Il était temps pour lui de partir s’immerger, comme accédant à un nouveau palier de son éducation française. Il étudia à Brest durant un an où il découvrit une autre culture, plus jeune cette fois-ci, bercée par Manau ou Mickey 3D… loin de Balavoine ; transposé dans une autre époque, à quelques mois d’intervalles de Qingdao. « Même si je parlais déjà bien le français, ces gens-là m’ont appris des trucs de jeunes comme le verlan par exemple ». Et, ça, Li Song l’a compris, la meilleure école c’est celle de la vie. Alors plutôt que d’aller en cours, il entreprit de voyager en stop aux quatre coins de l’Hexagone, hébergé par des contacts qu’il a réussi à se faire depuis Qingdao.
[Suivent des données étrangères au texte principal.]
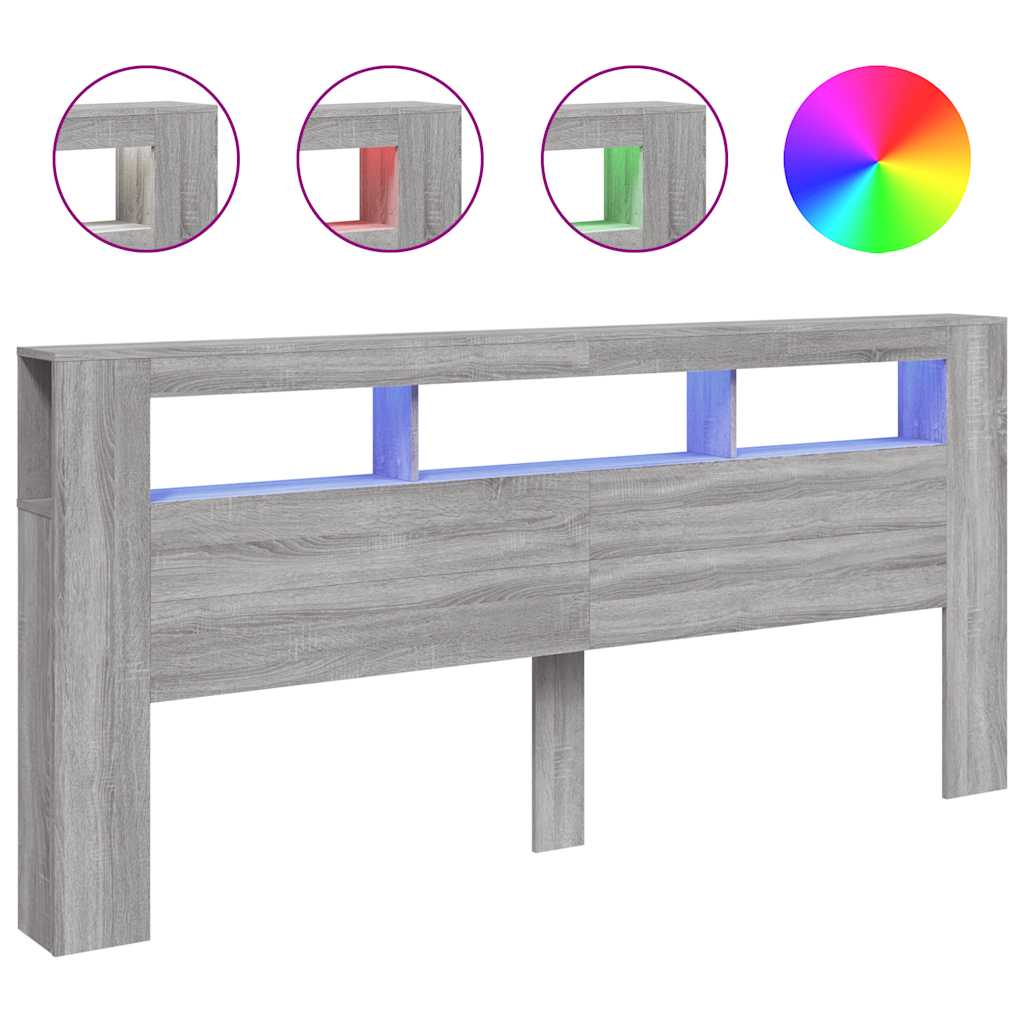 LED Headboard Grey Sonoma 220x18.5x103.5 cm Engineered Wood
Une première rencontre avec la France, et les français. Une « expérience incroyable » dira-t-il.
« Le bonheur est omniprésent en France »
De retour en Chine, il trouva le moyen de retourner étudier en France, à Paris cette fois, pour quatre années. Passé par l’INALCO en 2004, puis à Nanterre l’année d’après pour étudier le cinéma. « A cette époque j’étais hébergé par un couple à Vigneux sur Seine (Essonne) qui m’offrait un toit en échange de cours à leur fille. Avec eux, j’ai découvert une nouvelle facette de la culture française ». Immergé dans une famille, il suit alors une nouvelle formation. Il y découvre cet art de vivre qui nous est propre. Des engueulades du couple, en passant par cette vision qui lui est inconnu de l’éducation d’un enfant, mais aussi par les repas dominicaux ; c’est à ce moment-là qu’il comprit la définition de la France. « Il y a un mot que j’ai appris à comprendre en France, et qui est singulier à ce pays, c’est le mot "profiter ", le bonheur est omniprésent en France. Quand j’ai compris cela, ça a changé ma vie. Ce pays a rendu ma vie plus palpitante » raconte-t-il, les yeux pétillants, perdus dans ses souvenirs.
Riche de ses expériences, ce n’est plus "une certaine idée" qu’il se fait de la France, mais un véritable savoir. « J’ai fréquenté tous les milieux, donc j’ai pu effleurer tous les problèmes de cette société ».
Une société versatile et plurielle
Quand il rentre à Shanghai, il pense à Paris, et vice versa. « Quand je suis dans un pays ou l’autre, j’aime m’amuser à mettre le doigt sur les distinctions entre Chine et France, par exemple, en France les codes ne sont pas spontanés pour prendre un rendez-vous avec un ami il faut lui signifier des jours en avance pour un simple verre, alors qu’en Chine dans la journée c’est réglé. » La France, pour lui, est contradictoire : il y a une forte notion de profiter de l’instant, qui rompt avec ce manque de spontanéité. Après tout, c’est peut-être ça la France, une société versatile et plurielle.
Mais la Chine et la France ont beaucoup en commun, « notamment, Français comme Chinois aiment manger et sont très expressifs » dit-il en riant.
Désormais Li Song est heureux de se définir comme quelqu’un de pluridisciplinaire. Marchand d’art, guide, accompagnateur... c’est sa maîtrise de la langue qui lui a permis d’avoir toutes ces casquettes. « Le fait de parler français et de connaître si bien la culture française, de Romain Gary, en passant par Balavoine, ça réconforte les personnes avec qui j’ai des échanges et ça me permet de gagner leur confiance », et c’est ainsi qu’il a réussi à se faire un nom.
A la question concernant sa profession, il rit et se définit comme un electron libre. Avec l’âge il se sent de plus en plus proche de cette valeur de la France qu’est la liberté. « Je m’identifie comme un Français de l’esprit. Mon spectacle est mon témoignage, il marque un tournant dans ma vie ».